Born in 1905 in Berdichev, Ukraine, to a middle-class, educated Jewish family, Iosif Solomonovich Grossman received the Russified Vasily from his Russian caregiver. Shortly after the revolution, a thirteen-year-old Grossman returned home from Switzerland-where he had lived for two years with his mother-to a permanently transformed Berdichev, scarred first by the German conquest, and soon afterwards by the civil war between the Red and White armies battling for control of the country. It was during this time that the young Grossman saw for himself the dichotomous nature of the revolution. This period of his life-during which the spectre of random death was visited upon friends and enemies alike, and with anti-Semitic pogroms destroying approximately one-third of the Jewish population in Ukraine-was to resonate with his experiences, many years later, in the Second World War.
After graduating from Moscow University with a degree in chemistry, Grossman found work as an engineer, but by the early 1930s he decided to devote himself full-time to his real passion: writing. In April 1934, Grossman published the acclaimed short story In the Town of Berdichev (a tale set during the civil war in which a pregnant female political commissar finds refuge with a poor Jewish family), proving that for him, the pivotal, violent period in the early decades of the 20th century, in addition to the theme of anti-Semitism, would continue to haunt the writer and provide him with inspiration for his later work.
Germany invaded the Soviet Union on June 22, 1941, and without hesitation, Grossman rushed to volunteer to fight. However, at thirty-five years of age and physically unsuitable for combat, this “completely civilian person,” as his daughter Ekaterina Korotkova-Grossman recalled, was assigned instead to become a correspondent for the Red Army newspaper, Krasnaya Zvezda or Red Star. Grossman’s notes begin on August 5, 1941. His insistence-sometimes against the wishes of his superiors-that he be at the front and mingling with the fighting troops eventually took him to all the key events on the Eastern Front. He was with the Red Army during its disastrous first few weeks; he was at Kursk, describing the world’s largest tank battle; he lived the grind-it-out fighting in Stalingrad; he saw the death factory that was Treblinka; he witnessed the last, desperate gasps of the Nazi regime in Berlin. In total, Grossman would end up spending over one thousand days dodging bullets to detail the fighting and record the enormous, wrenching human costs of the war.
Rarely do Beevor and Vinogradova venture as far as to opine about Grossman’s observations; instead, their narrative serves to contextualise the journalist’s notes and situate them chronologically. The two editors rightly keep their narrative frame to the background, so that the dominant voice effectively remains that of the writer at war. Anything more intrusive would be an affront to Grossman’s potent prose, which he wields with a novelist’s descriptive powers. In his seminal essay, “The Hell Called Treblinka” (later used at Nuremberg during the trial of several prominent Nazis charged after the war with crimes against humanity), he wrote of the final moments leading up to the gas chamber:

“Naked people were led to the cash office and asked to submit their documents and valuables . . . documents, which no one on earth any longer needed, were thrown on the ground-these were the documents of naked people who would be lying in the earth an hour later. But gold and valuables were subject to a careful sorting. . . And an amazing thing was that the swine utilized everything, even paper and fabric-anything which could be useful to anyone, was important and useful to these swine. Only the most precious thing in the world, a human life, was trampled by their boots.”

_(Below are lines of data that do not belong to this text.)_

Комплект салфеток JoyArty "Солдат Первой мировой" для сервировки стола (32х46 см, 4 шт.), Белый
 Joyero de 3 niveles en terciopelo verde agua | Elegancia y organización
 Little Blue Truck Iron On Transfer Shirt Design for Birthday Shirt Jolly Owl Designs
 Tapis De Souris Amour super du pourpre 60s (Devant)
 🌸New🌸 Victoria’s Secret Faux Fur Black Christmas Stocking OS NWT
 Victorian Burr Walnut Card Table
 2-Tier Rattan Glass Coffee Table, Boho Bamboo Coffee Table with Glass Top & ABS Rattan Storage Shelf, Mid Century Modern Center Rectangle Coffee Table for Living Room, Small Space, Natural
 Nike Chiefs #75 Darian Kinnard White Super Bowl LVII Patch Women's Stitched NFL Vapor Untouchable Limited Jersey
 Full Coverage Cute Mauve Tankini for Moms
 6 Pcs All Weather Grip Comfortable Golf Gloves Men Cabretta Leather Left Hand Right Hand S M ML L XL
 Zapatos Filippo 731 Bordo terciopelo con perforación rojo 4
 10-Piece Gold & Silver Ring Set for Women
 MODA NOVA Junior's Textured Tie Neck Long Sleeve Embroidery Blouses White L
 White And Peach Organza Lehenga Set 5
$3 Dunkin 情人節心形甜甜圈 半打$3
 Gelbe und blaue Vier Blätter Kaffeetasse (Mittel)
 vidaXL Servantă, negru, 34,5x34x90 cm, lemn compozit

Even from the very beginning, Grossman distinguished himself with his uncompromising honesty; he made sure to note what he saw and felt accurately, and most importantly, he strove to write without prejudice. In the words of fellow Krasnaya Zvezda correspondent Ilya Ehrenberg, Grossman “was a true internationalist and reproached me frequently for saying ‘Germans’ instead of ‘Hitler’s men’ when describing the atrocities of the occupiers.” In “The Hell Called Treblinka”, Grossman lays out the responsibilities of the writer and his reader: “It is the writer’s duty to tell this terrible truth, and it is the civilian duty of the reader to learn it.”
His work, as highly respected as it was, was tightly vetted, and some of his articles dealing with subjects considered defeatist or taboo within the Soviet Union-such as desertion or collaboration with the enemy, and the categorical massacre of Jews-were either censored or never published. Even work that did not necessarily clash with the party line was edited, as was standard practice, to become more ‘politically correct’. In a letter addressed to his second wife, Olga Mikhailovna, on December 5, 1942, during the particularly vicious winter fighting at Stalingrad, Grossman complained that “the editorial office has adopted a rule of cutting off the end of any essay, replacing dots with comas, crossing out the descriptions that I particularly like, changing titles and inserting phrases like: ‘This faith and love virtually made miracles.’” Such editing should not have surprised Grossman, as every issue of the widely read Krasnaya Zveda was read page by page, line by line, by none other than Joseph Stalin himself, before being sent to the presses.
Despite the aforementioned tinkering, Grossman’s writing never lost its intended effect of providing clarity, veracity, and education for his readership about the brutalising effects of war on both friend and foe. It was not his objective to glorify the bloody struggle-however just and necessary it was to crush Hitler’s murderous regime-but to show readers how humanity and civilisation had been stripped from soldiers and civilians alike in these murderous years.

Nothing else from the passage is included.